Ryman Auditorium in Nashville, Tenn.

Courtesy of Ryman Auditorium

When the Source Awards are handed out Sept. 29 in Nashville, Sally Williams, who is one of this year’s seven honorees, will be recognized for her role with one of the nation’s iconic live venues. A graduate of the University of Missouri-Columbia, she briefly worked at William Morris before finding her niche in venues, including Nashville’s now-defunct Starwood Amphitheater. She also did a brief stint at the Country Music Association during the 2000s, but she has made her largest impact at the Ryman, where she had a hand in a recent expansion of the venerable hall, which added a small theater and a cafe.
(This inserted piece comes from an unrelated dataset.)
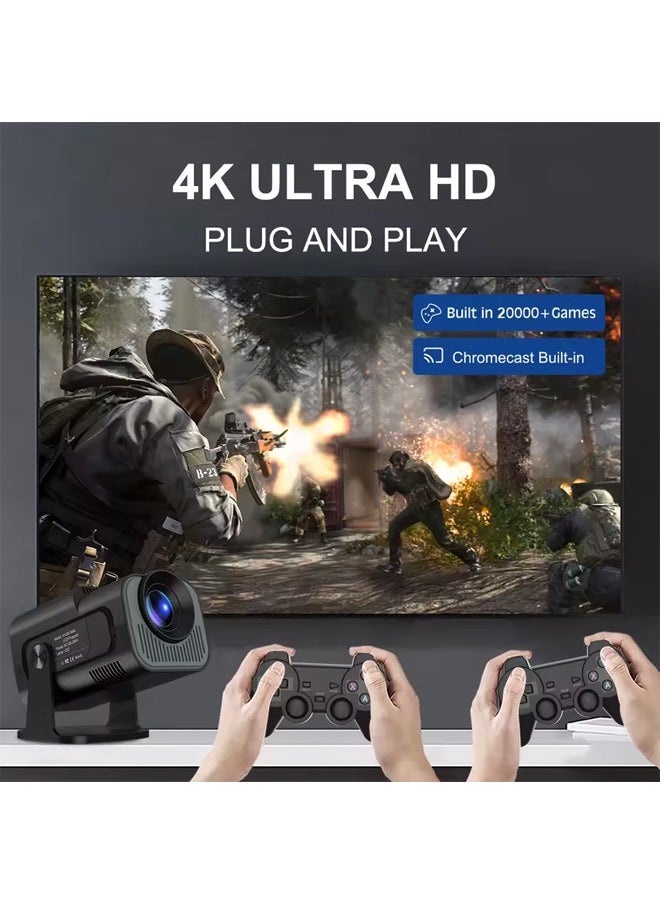 ProPremier HY320 PRO MAX Smart Mini Projector With 2 Game Consoles and Built in 10000 Games, Auto Keystone Correction, 4K 1080P Support Portable Projector, 150 ANSI 2.4/5G WiFi, Android 12.0, 130 Inch Screen Outdoor Home Video Projector  - Image 2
What does the Source Award mean to you? I’m incredibly grateful and honored, and I feel fairly unworthy. I have been attending the Source Awards for years, and the women who are honored by Source are such trailblazers, from Peggy [Bradley] and Frances Preston to Donna Hilley and Barbara [Orbison]and Bebe [Evans] and Mary Ann McCready. These are women who did work at a time when there weren’t templates. I just can’t quite wrap my brain around Sally Williams being in a list with them. Being at the Ryman, it’s interesting because this building has been influenced so much by a woman, and that’s Lula C. Naff, the woman who basically managed this building for over 50 years.

The Ryman was already wedged into a fairly small space. How did your organization even have the imagination to think, “We can expand this?” What architects do is absolutely amazing to me. When I came to the Ryman, I started thinking, “How can we improve the experience for guests before they enter the auditorium that Tom Ryman built?” We all know that once you get inside that auditorium, it’s an incomparable experience. But until you get in there, we had some problems. We had outgrown our space, so from time to time you were faced with long lines, and not enough bathrooms, and “How can we improve that?” The only way to go was east, toward Fourth [Avenue], so we got with the architects and talked about what our goals were, and they figured it out.

It’s an older building. What’s the biggest challenge in maintaining it?

It’s almost 125 years old. In addition to that, the pews that we have are pews that were added in the early 1900s, so I’ll tell you that keeping those pews in order is an ongoing process.

You have been in live events your entire career. What is it about this business that’s appealing?

The moment that the artist takes the stage and the audience connects, that’s what makes me want to do it. When I was younger, I wanted to be a writer for Rolling Stone. I always knew that I wanted to work with music. I tried to be a musician, I tried to play the piano, and I tried to play the saxophone, and those were not my callings. Then I tried to be an agent, but for me being an agent was too far from the actual creation of the music. There’s nothing like standing at the back of the balcony at the Ryman Auditorium when the artist comes on and the audience goes crazy, and there’s nothing like knowing that I had something to do with making that connection.

What principles guide the way that you do business?

I try to be a really good listener, I strive to leave wherever I am better than before I got there, and being part of a team is really important to me. Being part of a community is really important to me, and that’s why I love Nashville so much. I feel like this community operates as such, and I think that makes us stronger. And it certainly makes my day-to-day far more impactful.